If you dropped your cup in a public toilet, we would recommend disposing of it - you don't know how frequently (or infrequently) that toilet has been cleaned, so you could be exposing yourself to a myriad of germs and potentially even viruses like hepatitis.
If you dropped the cup in your own toilet, then you need to make a tough decision, knowing how frequently (or infrequently!) you clean your own loo; do you turf it, or to you re-sterilie/sanitise it and re-use it?
Firstly, DO NOT re-insert your cup immediately after having dropped it in the toilet, or even on the floor for that matter. Both are FULL of germs like E.Coli and streptococcus, and so if you do intend to use your cup again, you need to boil it for 20 minutes in boiling water (make sure the water is boiling before you put the cup in). Make sure it is submerged in the water, but not touching the bottom of the pot (microwaving it in water won't cut it in our personal opinion, so best boil it in a pot on the stove).

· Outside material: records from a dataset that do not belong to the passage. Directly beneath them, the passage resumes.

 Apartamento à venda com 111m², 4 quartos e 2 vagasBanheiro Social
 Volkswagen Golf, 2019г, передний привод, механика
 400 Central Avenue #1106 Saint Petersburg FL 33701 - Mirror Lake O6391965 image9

It's really your choice as to whether you want to re-use it or not, bearing in mind that you could be exposing yourself to potentially harmful bacteria if you don't clean it properly - if in doubt, dispose and replace (our reco would be to replace, but we respect that cost and personal choice are considerations).

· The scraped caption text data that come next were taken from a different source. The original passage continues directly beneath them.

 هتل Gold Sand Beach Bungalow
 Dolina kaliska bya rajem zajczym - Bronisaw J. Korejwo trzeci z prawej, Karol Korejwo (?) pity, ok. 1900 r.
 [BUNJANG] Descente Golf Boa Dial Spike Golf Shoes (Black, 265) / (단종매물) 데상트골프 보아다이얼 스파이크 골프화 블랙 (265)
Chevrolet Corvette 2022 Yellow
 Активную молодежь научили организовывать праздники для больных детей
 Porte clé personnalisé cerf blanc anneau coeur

This is not unusual, Moxette, and is actually quite common/normal. If your Cup discolours, it doesn't necessarily mean it's time to turf it. To keep your Cup in tip top, like-new condition, always follow the care instructions in pack and try rinsing in cold water upon removal first, in order to get the bulk of your 'flow' off the silicone. THEN wash in warm water (hot water can set stains in!).
If your Cup has discoloured, you can try soaking it in the sun for a few hours - this can be antibacterial and can also help break down any stains. You can also try an apple cider vinegar soak, which we talk more about HERE.

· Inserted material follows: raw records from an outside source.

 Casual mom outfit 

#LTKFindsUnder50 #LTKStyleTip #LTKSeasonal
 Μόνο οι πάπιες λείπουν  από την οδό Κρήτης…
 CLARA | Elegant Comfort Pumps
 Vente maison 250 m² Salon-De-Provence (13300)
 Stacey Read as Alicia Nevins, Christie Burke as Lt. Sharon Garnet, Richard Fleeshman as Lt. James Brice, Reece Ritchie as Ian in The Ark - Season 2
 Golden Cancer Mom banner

Hot tip: Opaque, darker-coloured silicone cups, like our Moxie ones, tend not to stain or discolour as easily as transparent or lighter coloured cups might.
Not directly, no. Thrush is caused by a fungus called 'candida'. This fungus is naturally occurring in the vagina and igenerally doesn't cause any issues. However sometimes, the natural balance of micro-organisms in the vagina is disrupted, causing candida to multiply - resulting in thrush (also often described as a yeast infection). Symptoms of vaginal thrush include itching or burning, stinging whilst peeing, thick white discharge, or swelling of the vulva/vagina.
Moxie cups are made with non-porous medical-grade silicone that won't disrupt the pH of your vagina and therefore won't cause thrush on their own, but you do want to make sure you keep your cup clean to avoid further infection.
If you are experiencing thrush, we suggest giving your vagina a bit of a break and not using anything insertable until it clears up (use a pad during your period, instead, or minimise your cup use if you can). Be sure to re-sanitise your cup thoroughly before you use it again after the thrush has cleared up.
For context, a pelvic organ prolapse happens when the pelvic floor muscles weaken, causing one or more of the pelvic organs to fall downward into or out of the vagina. This is more likely to occur during childbirth and whilst very (very) rare with a period cup, a pelvic prolapse can happen if you repeatedly pull on your cup whilst inserted, without releasing the suction seal first. But again, it's pretty unlikely as you'd need a lot of resistance for this to happen.
To reduce the likelihood of this happening, always break the suction seal before removing your cup (by pinching slightly at the base of the cup); don't pull on it to try and force it out. If you're having trouble reaching your cup, get into a squat position and push gently down on your pelvic floor to help lower your cup in the vaginal canal. Then squeeze the base to release.